Scammers who duped consumers into paying more than $30 million for bogus business opportunities have settled Federal Trade Commission (FTC) charges that their deceptive claims violated federal law.
The settlements prohibit future violations by the defendants, who promised consumers that they would receive access to overstocked merchandise, expert training in the surplus goods industry, and substantial income.
Among those who settled with the FTC are Sheldon and Judith Takala Fidler and nine companies they controlled: World Traders Association, Inc., United Traders Association, Inc., International Merchandise Group, Inc., Trans-Global Connections, Inc., Musketeer Partners, Inc., Fulfillment Options, Inc., International Associates Worldwide, Inc., Magna Delta, LLC, and Office Options, LLC.

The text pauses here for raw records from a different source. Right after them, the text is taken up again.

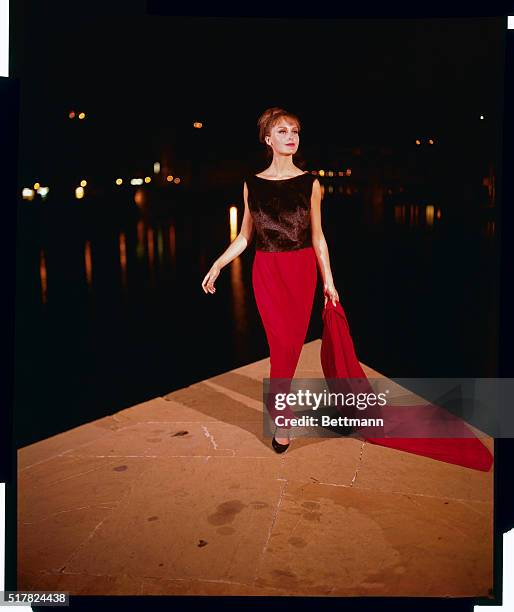 Spotlight at evening...Spotlighted by night on a bridge on the River Arno, with the famous Ponte Vecchio in the background...This Forquet creation...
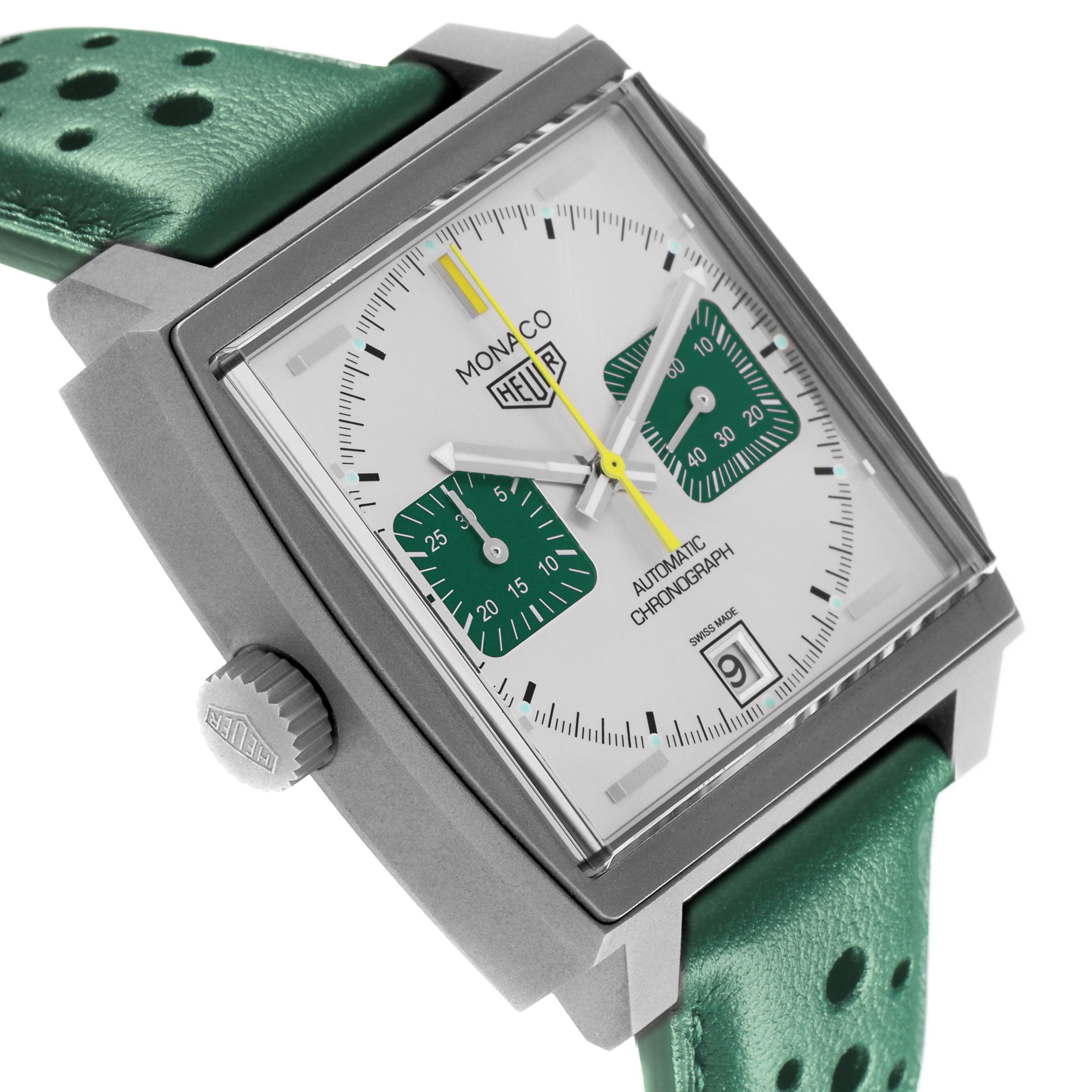 The Tag Heuer Monaco CAW218E.FC6565 Men's Titanium Silver Dial CAW218E.FC6565 Men's Titanium Silver Dial watch is shown from a front angle, highlighting its square face, green strap, and side crown.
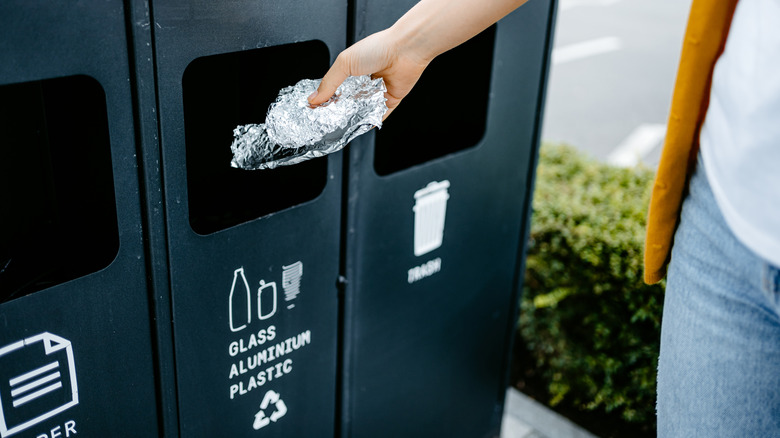woman recycling aluminium foil 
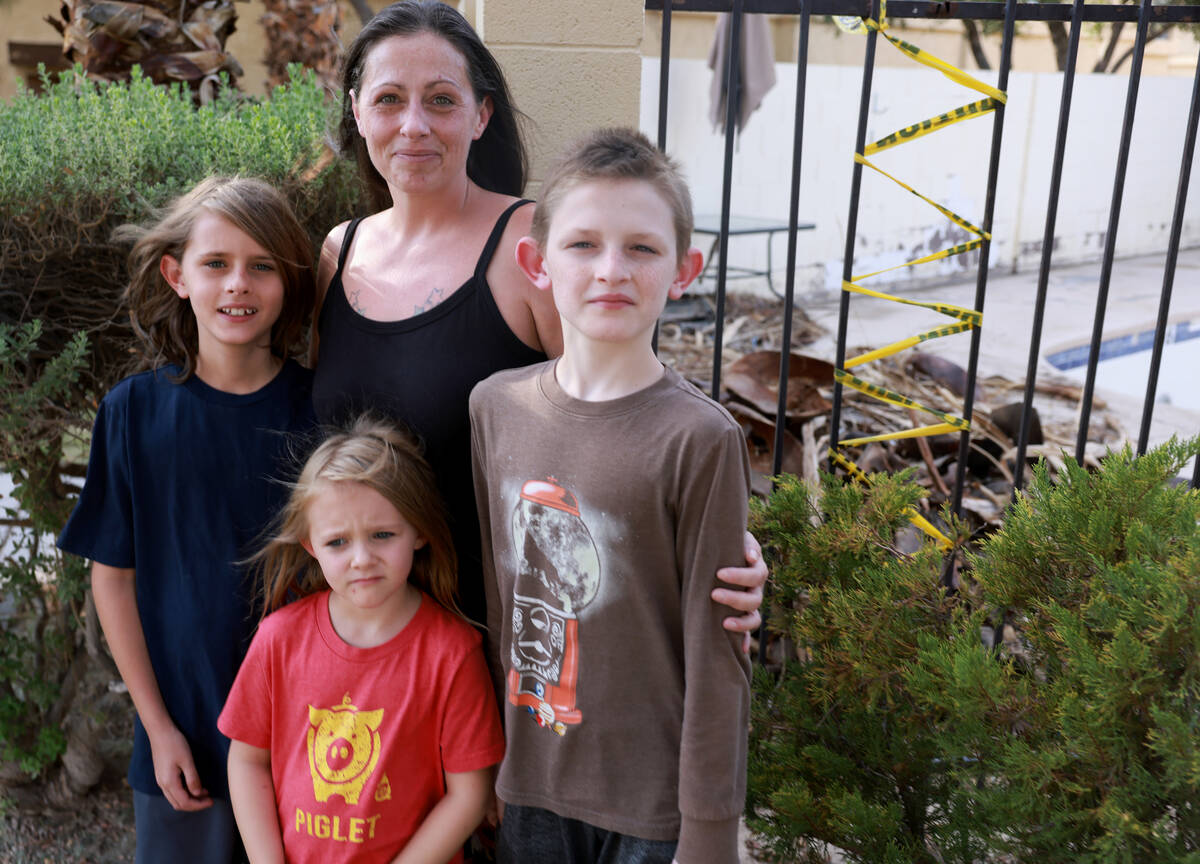 Amanda Ahlstrom, who owns a unit at Somerset Park townhouse complex in Henderson, poses with th ...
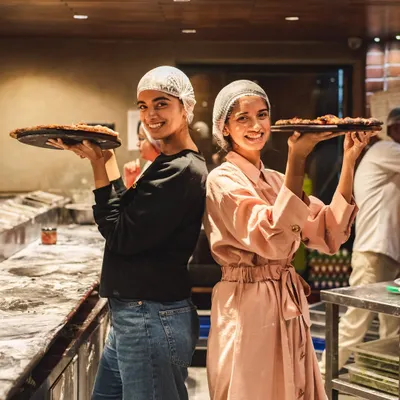 Two happy participants in our pizza making workshop, proudly holding up their finished creations. Making pizza is fun, but eating your own creation is pure love.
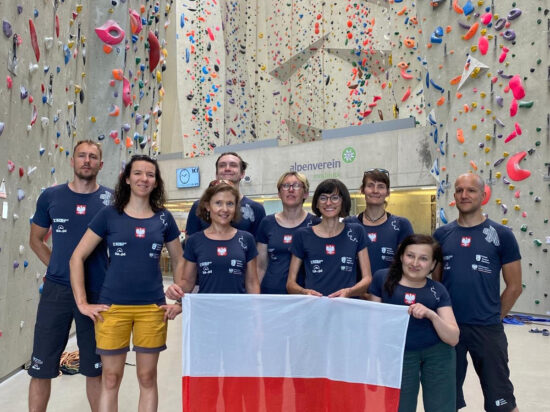 Grupa wspinaczy z niepełnosprawnościami na ściance wspinaczkowej z polską flagą.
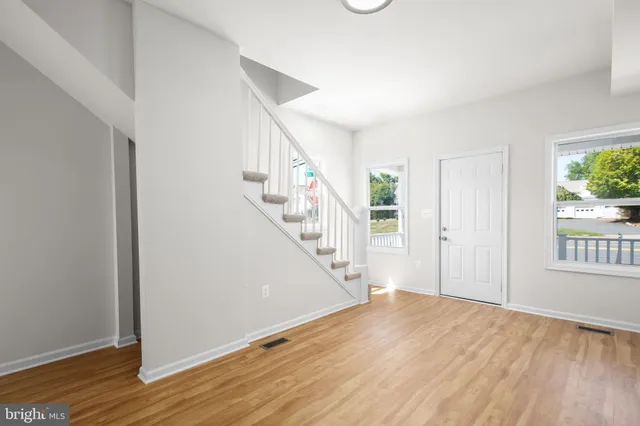 a view of a hallway with wooden floor and staircase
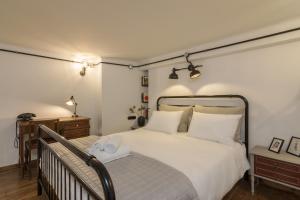 1 dormitorio con 1 cama blanca grande y suelo de madera en Stoa Kairi Loft B, en Atenas
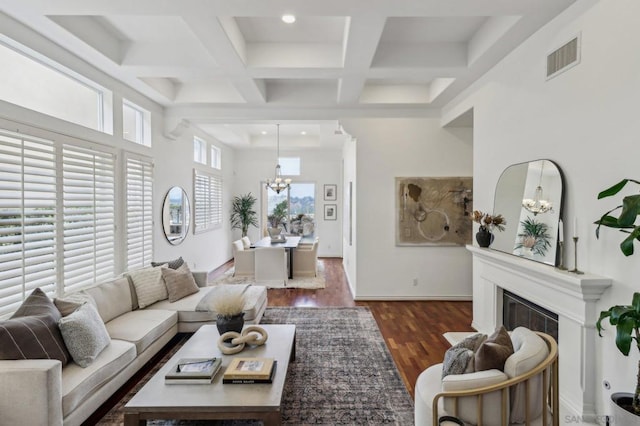 living room featuring an inviting chandelier, beam ceiling, a towering ceiling, coffered ceiling, and dark hardwood / wood-style flooring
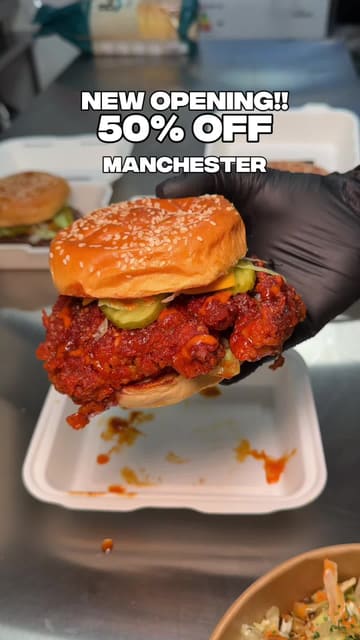 A promotional video for the reopening of 0161 Flamin Fusion in Ardwick Kitchens, Manchester. The video features the creator showcasing various menu items including burgers, loaded fries, and fried potatoes, while highlighting a 50% off opening offer.
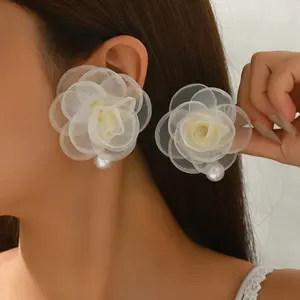 Unique women's earrings with a geometric, simple, and sophisticated design, featuring pearl and floral accents, versatile for vacation, casual wear, and parties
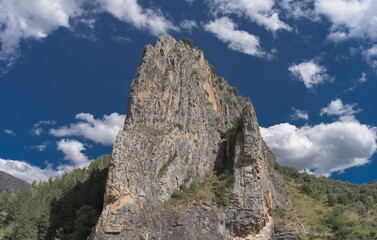 High and steep mountain with a blue sky in Anguiano, spain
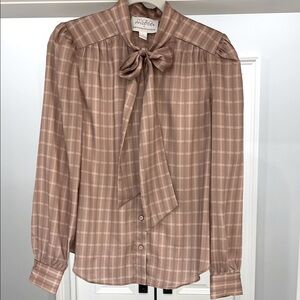 Long sleeve plaid blouse with adorable bow tie detail.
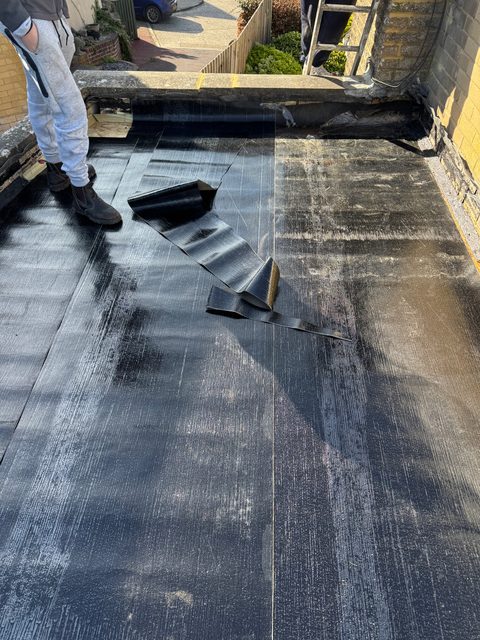 Storm Dry Roofing flat roof job: new felt base layer laid across the whole roof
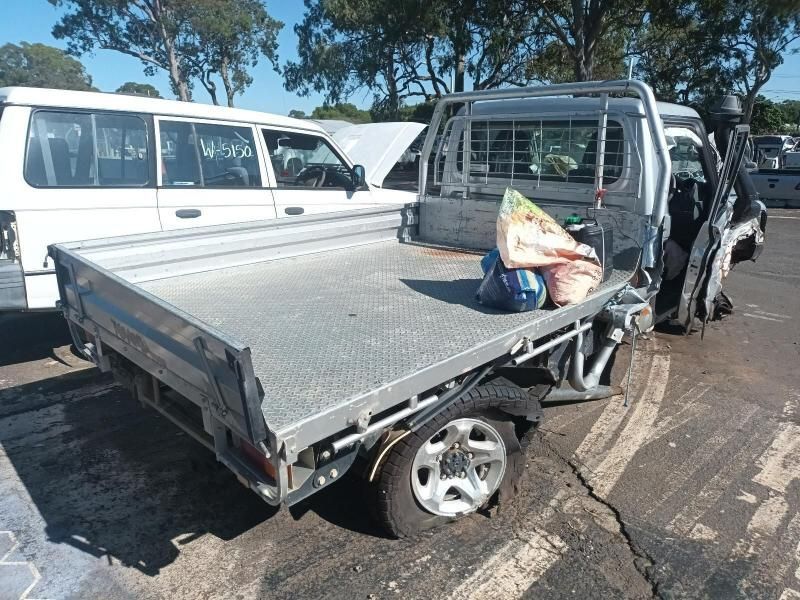 A Pickup Truck With a Flat Bed is Parked in a Parking Lot — South West 4WD Wreckers In Harristown, QLD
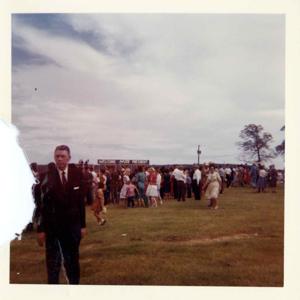John B. Connally, A. S. Mike Monroney, Lady Bird Johnson, Henry Bellmon, Carl Albert, Ed Edmondson, Lyndon B. Johnson, and others at the dedication of the Eufaula Dam and Reservoir by President Johnson. September 25, 1964. a-c additions. Carl Albert at podium, Lyndon B. Johnson at podium, and crowd., 1964-09-25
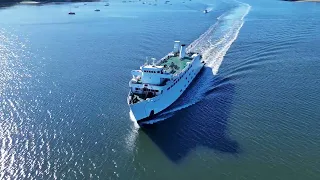 The ferry at Jeanne Garant Harborfront park at Port Jefferson Long Island flying the dji Air 3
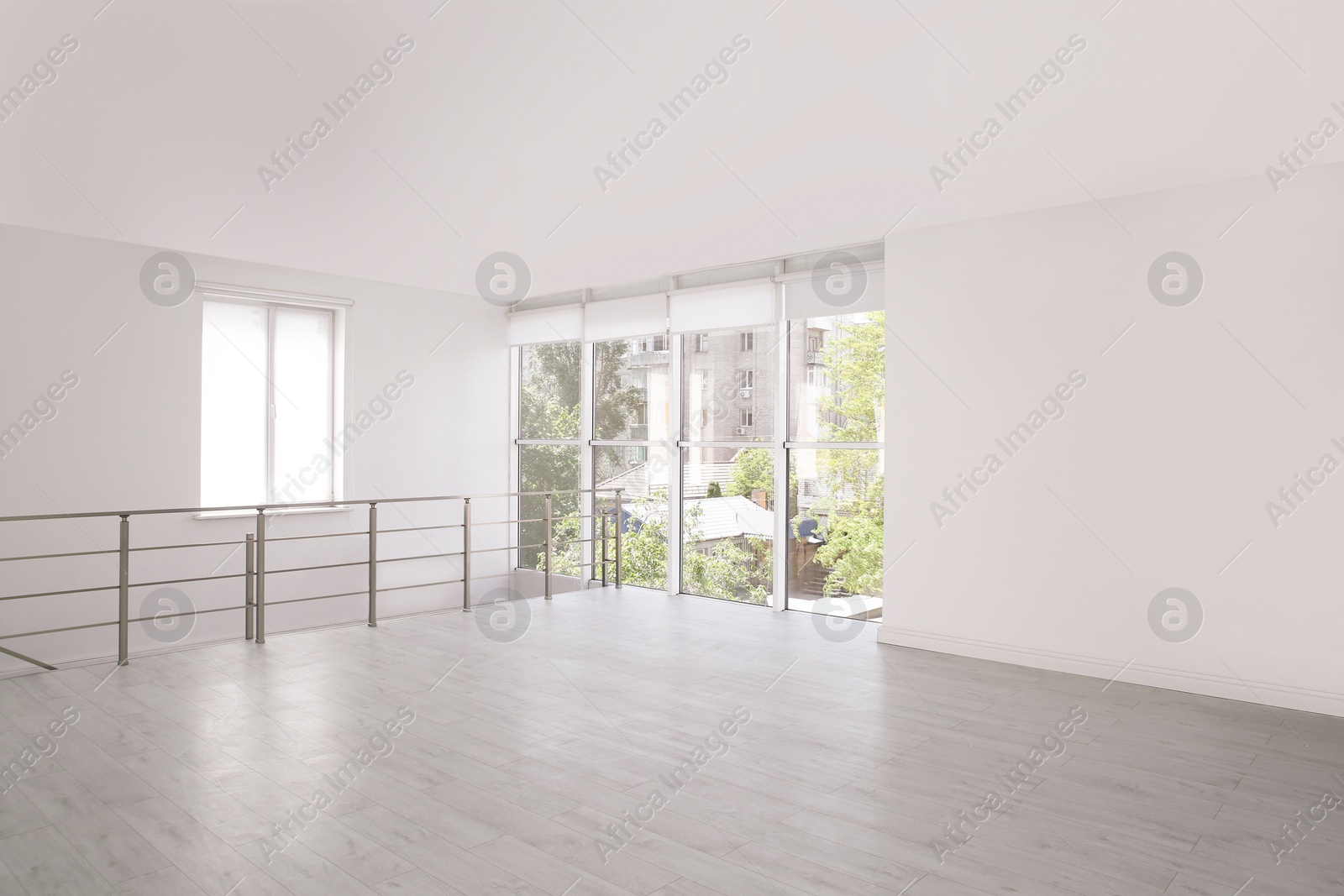 Photo of Empty room with windows and laminated floor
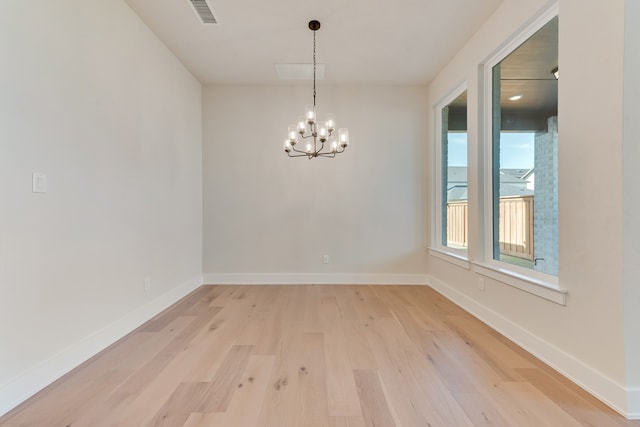 empty room with a notable chandelier, light hardwood / wood-style flooring, and a water view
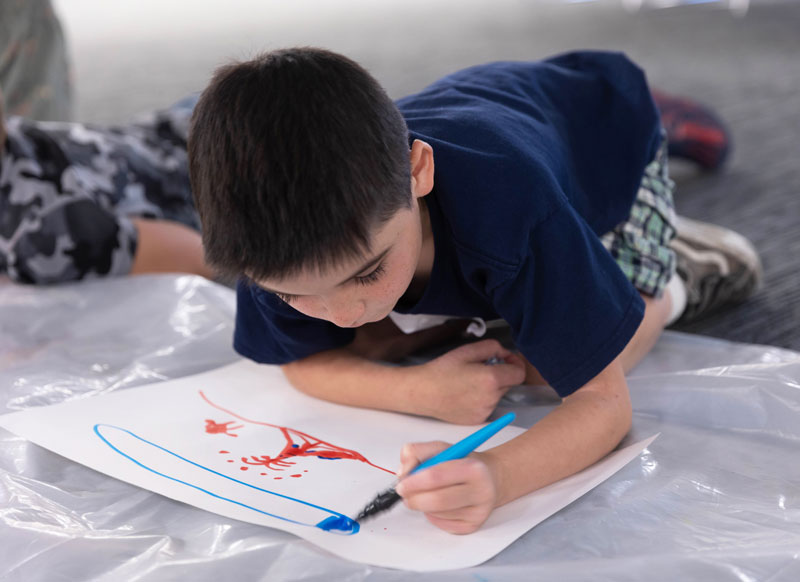 A student drawing with paintbrush markers on a big paper on the floor SEEK class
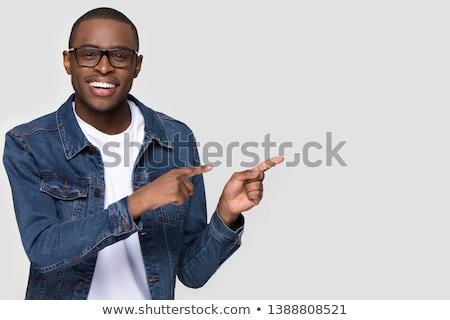 Foto stock: Image Of African American Guy Smiling And Pointing Finger At Cop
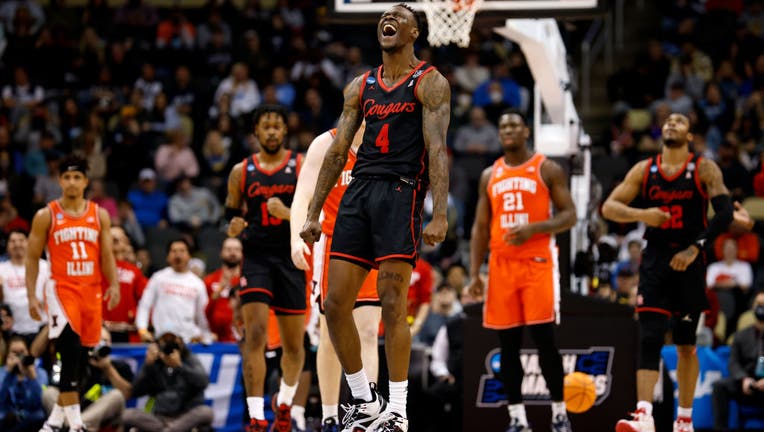 Taze Moore #4 of the Houston Cougars reacts after drawing a foul during the game against the Illinois Fighting Illini during the second round of the 2022 NCAA Men's Basketball Tournament at PPG PAINTS Arena on March 20, 2022 in Pittsburgh, Pennsylvania. (Photo by Kirk Irwin/Getty Images)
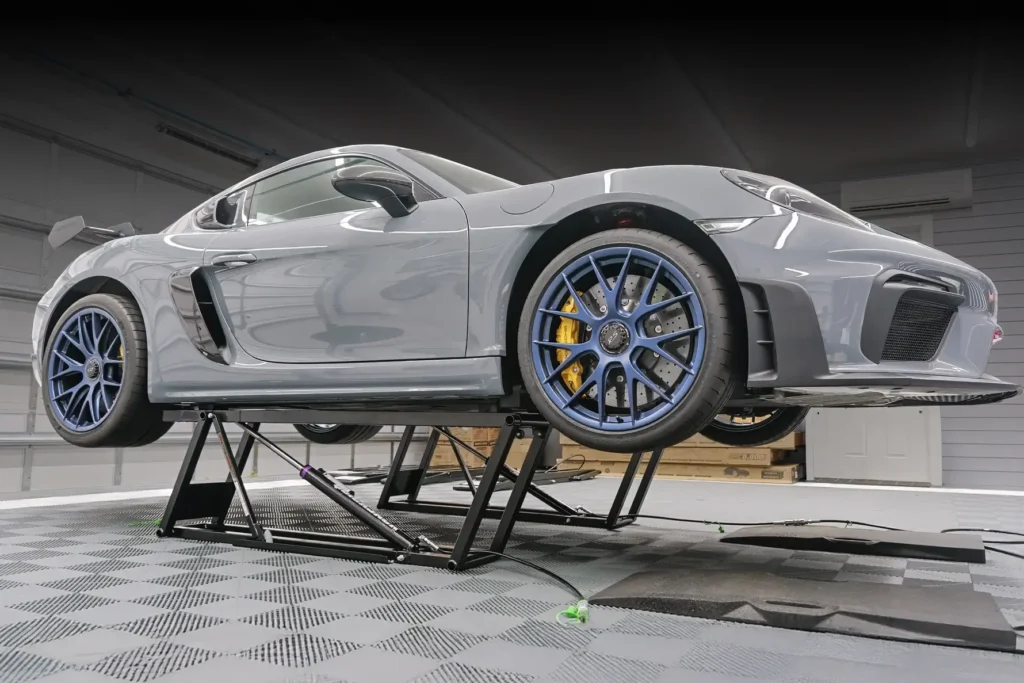 QucikJack portable lift with Porsche & gridflex garage floor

The FTC filed suit in February 2005 as part of "Project Biz Opp Flop," a crackdown on deceptive business opportunity and work-at-home schemes. The settlements entered last April ban the defendants from the business opportunity and franchise industries and prohibit them from misrepresenting any goods or services.
The settlement orders also bar the defendants from selling or otherwise benefiting from personal information about customers who paid them before the orders were entered. In addition, the orders impose a $30.7 million judgment, which is suspended based on the defendants' inability to pay.
In March 2007, in a related criminal proceeding instituted by the United States Attorneys Office for the Central District of California, Sheldon Fidler pleaded guilty to two counts of mail fraud and received a 60-month prison sentence; he is currently in jail. Judith Fidler pleaded guilty to one count of criminal contempt and received two years of probation.